What gets in the way of excellence in our teaching, manifesting itself in mediocre student performance? What distinguishes good teachers from excellent teachers? Is there a recipe for success and that can be codified?
When we witness excellent teaching in pedagogy conferences, it is often in a masterclass setting. Before our very eyes, a performance is transformed in some meaningful way. Often there is a magical effect. In contrast, it may seem incredibly mundane that I would start with “specificity.”
Think , though, of what it takes to get that student to the point where he or she can play with security in a masterclass in front of a hundred or more teachers: the many lessons, the many practice sessions. I alluded in the previous post to what distinguishes good teachers from great ones. Much of the difference is in the basic details. There are things that each teacher can do to make a difference in our effectiveness right away. There is magic in teaching, but a lot of what makes a great teacher is practical and logical.
I find that we teachers often believe that we are being specific enough with our students in our practice advice and instructions, but we are falling short. (Obviously I include myself in this “we!”) How often do we write on our students’ assignments: “Listen for dynamic contrast?” What does that mean? What is the student supposed to do at home with that instruction? Another familiar instruction: “Memorize for next week.” How will the student achieve this?
We may believe that it’s not necessary to always specify how many times we want a student to play a passage or piece. I’m beginning to believe that if we do not, the average amount of times a student will choose is one. When a student does repeat a passage, what tempo will be chosen? When unspecified, the default tempo is often too fast. When a student has is preparing a memorized piece for a performance, do we take it for granted that the student knows to play with the score and not always without the music? I recently adjudicated a festival and the format was a combination of written and verbal comments. One student had a “memory meltdown.” With some questioning, I learned, unsurprisingly, that the pieces was always practiced without the music, from beginning to end, at performance tempo.
I will give some ideas for rewording instructions on assignment sheets. If you find writing too cumbersome, perhaps typing might be faster. Alternatively, you may want to record instructions into an audio recording device or videotape the lesson:
***Below you will find video clips to support the written ideas.
– Listen for the dynamics in this piece.
– Play measures 8 – 16 looking right at the music, very slowly, exaggerating the p, f, mp, f. Play 3 times.

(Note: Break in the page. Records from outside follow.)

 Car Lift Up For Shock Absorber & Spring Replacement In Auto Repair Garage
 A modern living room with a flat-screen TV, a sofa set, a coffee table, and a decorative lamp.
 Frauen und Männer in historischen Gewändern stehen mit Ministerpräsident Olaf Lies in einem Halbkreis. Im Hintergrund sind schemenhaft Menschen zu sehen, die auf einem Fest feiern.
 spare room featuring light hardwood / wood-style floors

– Play measures 8 – 16 putting your HANDS IN LAP between each dynamic change. Say out loud the next dynamic before playing. Do this 3 times daily. Next, perform without putting hands in lap, just a slight pause. Now, eliminate the pause. (Here’s the shorthand I would use once students know the routine: m’s 8 – 16 HIL 3X a day)
– Play measures 8 – 16 and RECORD yourself each day. Did you hear the p, f, mp and f?

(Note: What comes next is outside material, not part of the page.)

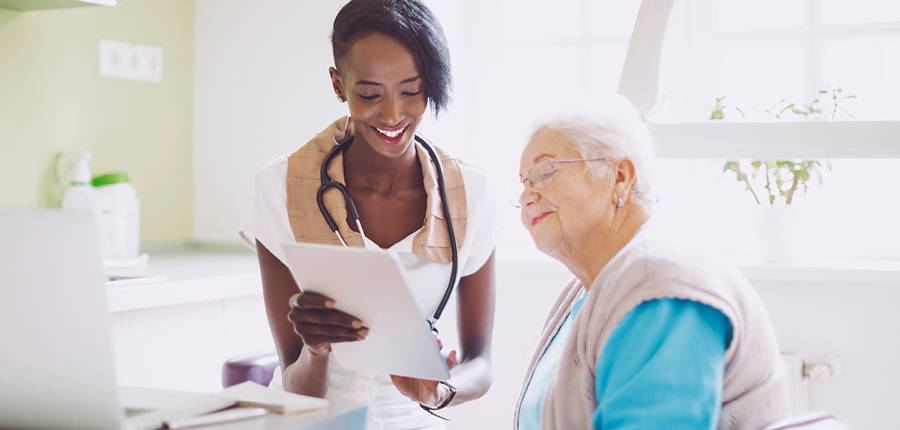 woman looking over test results with her doctor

(Crescendo and decrescendo):
– Play your G Major scale warm-up with a crescendo and decrescendo. Listen for each note to be slightly louder than the last! Now, practice the RH alone of each scale passage in your Clementi Sonatina 3X that has a cresc./decresc. Listen for the “perfect” crescendo!
Below you will find a video clip of a warm-ups assigned to help a student achieve crescendo and decrescendo sounds in her piece, “Sneaky Business,” from Jazz Rags & Blues, Book 1 by Martha Mier:
Pay attention to the staccatos.
“Say ‘long short short long’ as you play.”

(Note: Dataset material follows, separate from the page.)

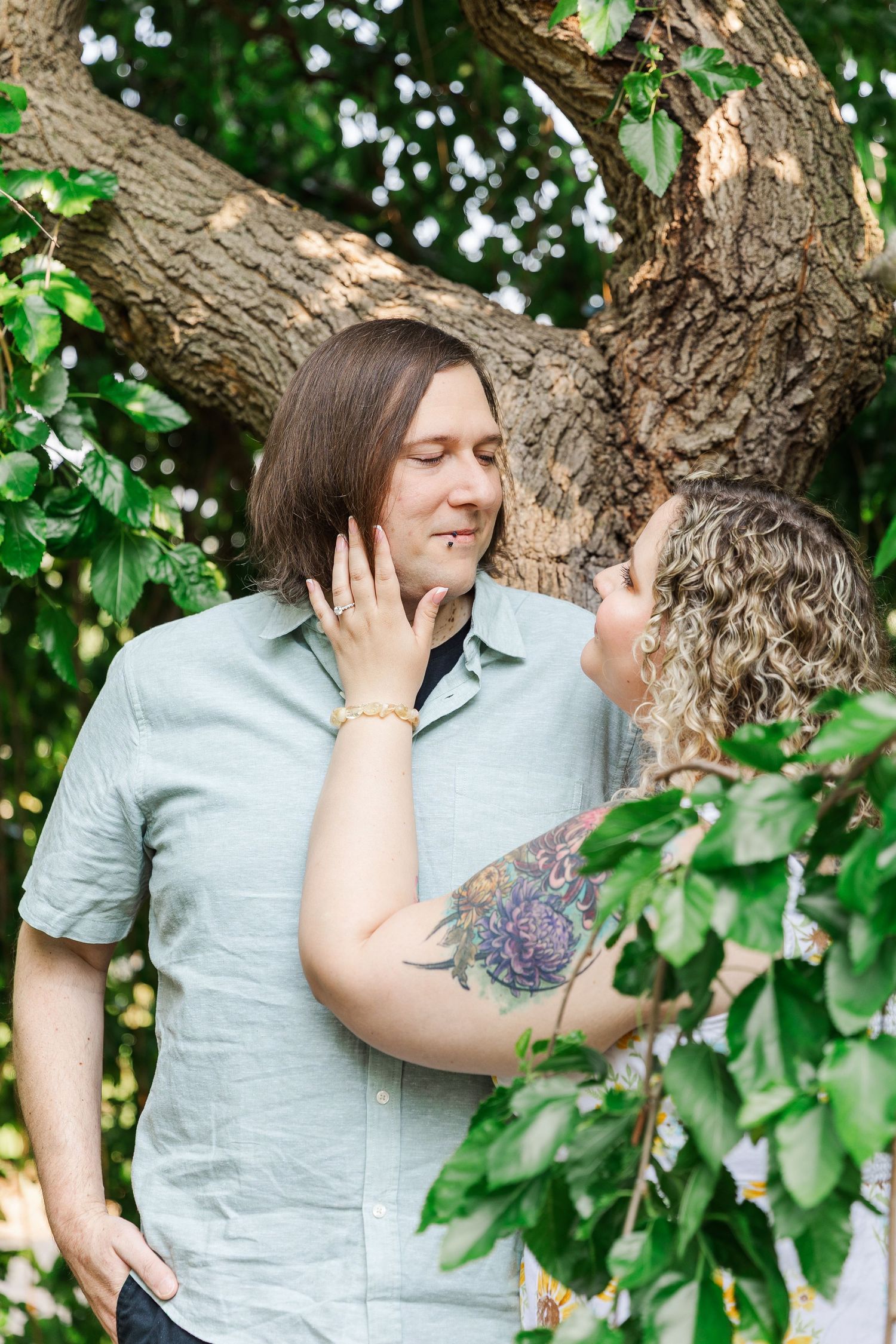 Engagement photo of couple at Lilacia Park Lombard IL at sunset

Below you will find a video clip of a student performing a portion of “March of the Trolls” by David Kraehenbuehl, saying the articulation as she goes. I like this kind of activity for this particular student, who tends to memorize instantly and never look at the finer details in the score – you know the type, I’m sure. She went through the whole piece saying the articulation.
Balance your hands.
-“Ghost play” the LH while the RH plays as written.
-Play the LH pp staccato and RH forte.
For me, it is much easier to give concrete practice instructions and advice when endeavoring to improve accuracy and fluency than it is to give concrete advice on how to practice musicality.
These days it is easier than ever to give specific practice ideas to our students with the new technology of smart phones, ipods, ipads, computers, digital recorders, etc. Even if WE do not have the income to purchase some of these items, our STUDENTS often have these items in their back pockets, ready to use. The videos that I used were made with the “Flip” camera. My young student taped me and the quality is not always ready for prime-time, but certainly ready for her to use as a practice guide (and hopefully good enough for the reader of this article!).